──────── ENTRIES SHOWN ────────
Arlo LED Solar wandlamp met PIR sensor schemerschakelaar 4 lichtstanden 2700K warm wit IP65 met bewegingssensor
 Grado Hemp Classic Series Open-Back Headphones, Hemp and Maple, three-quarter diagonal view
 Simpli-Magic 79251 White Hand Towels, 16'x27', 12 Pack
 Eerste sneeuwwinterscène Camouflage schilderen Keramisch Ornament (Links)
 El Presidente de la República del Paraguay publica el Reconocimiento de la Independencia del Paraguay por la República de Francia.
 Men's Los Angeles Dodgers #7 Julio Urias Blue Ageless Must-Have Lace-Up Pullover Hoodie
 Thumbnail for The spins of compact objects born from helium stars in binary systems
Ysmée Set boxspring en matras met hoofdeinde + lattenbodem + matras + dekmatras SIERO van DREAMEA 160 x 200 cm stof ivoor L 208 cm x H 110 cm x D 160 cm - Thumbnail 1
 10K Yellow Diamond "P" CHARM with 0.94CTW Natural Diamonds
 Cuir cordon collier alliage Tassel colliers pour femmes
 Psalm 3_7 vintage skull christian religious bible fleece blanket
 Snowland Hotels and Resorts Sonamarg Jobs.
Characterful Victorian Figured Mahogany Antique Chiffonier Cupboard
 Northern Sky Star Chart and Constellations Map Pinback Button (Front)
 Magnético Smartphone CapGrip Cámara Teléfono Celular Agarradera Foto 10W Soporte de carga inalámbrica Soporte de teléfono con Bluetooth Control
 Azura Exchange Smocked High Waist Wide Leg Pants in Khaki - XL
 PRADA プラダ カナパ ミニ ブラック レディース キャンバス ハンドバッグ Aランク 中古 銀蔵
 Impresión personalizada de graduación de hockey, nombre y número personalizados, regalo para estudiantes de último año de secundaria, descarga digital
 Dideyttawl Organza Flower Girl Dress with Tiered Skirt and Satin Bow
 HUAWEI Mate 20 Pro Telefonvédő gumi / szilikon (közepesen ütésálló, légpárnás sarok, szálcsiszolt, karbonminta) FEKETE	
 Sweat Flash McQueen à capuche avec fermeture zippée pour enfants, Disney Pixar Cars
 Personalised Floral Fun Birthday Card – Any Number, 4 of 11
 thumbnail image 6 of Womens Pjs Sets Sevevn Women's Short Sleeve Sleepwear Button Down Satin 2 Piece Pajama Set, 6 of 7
────────
Output only the lines from the line that contains "Sweat Flash McQueen" through the end of the entries, both included, exactly as they appear.

 Sweat Flash McQueen à capuche avec fermeture zippée pour enfants, Disney Pixar Cars
 Personalised Floral Fun Birthday Card – Any Number, 4 of 11
 thumbnail image 6 of Womens Pjs Sets Sevevn Women's Short Sleeve Sleepwear Button Down Satin 2 Piece Pajama Set, 6 of 7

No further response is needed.